MATERIAL SUPPLIED:
--- START ---

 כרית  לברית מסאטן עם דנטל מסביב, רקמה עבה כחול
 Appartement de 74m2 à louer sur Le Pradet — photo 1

--- END ---
--- START ---

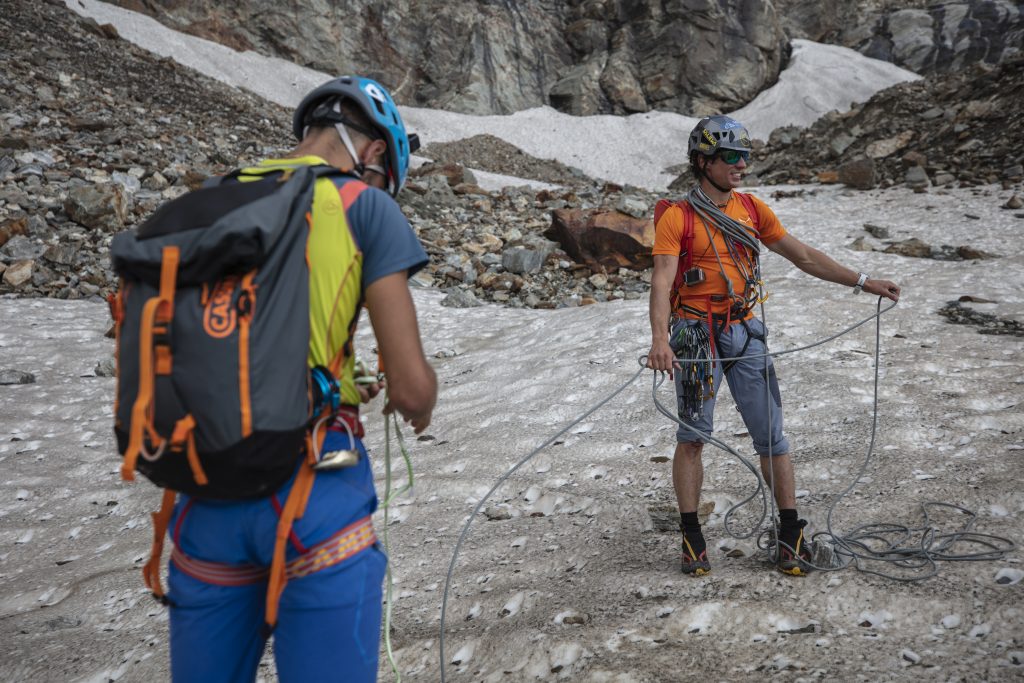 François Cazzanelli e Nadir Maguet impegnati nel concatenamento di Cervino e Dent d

--- END ---

THE PROBLEM:
Every line above from the line with "רקמה עבה כחול" to the line with "Appartement de 74m2", both included, must be reproduced exactly, and no other line may appear.

EXERCISE RESPONSE:
 כרית  לברית מסאטן עם דנטל מסביב, רקמה עבה כחול
 Appartement de 74m2 à louer sur Le Pradet — photo 1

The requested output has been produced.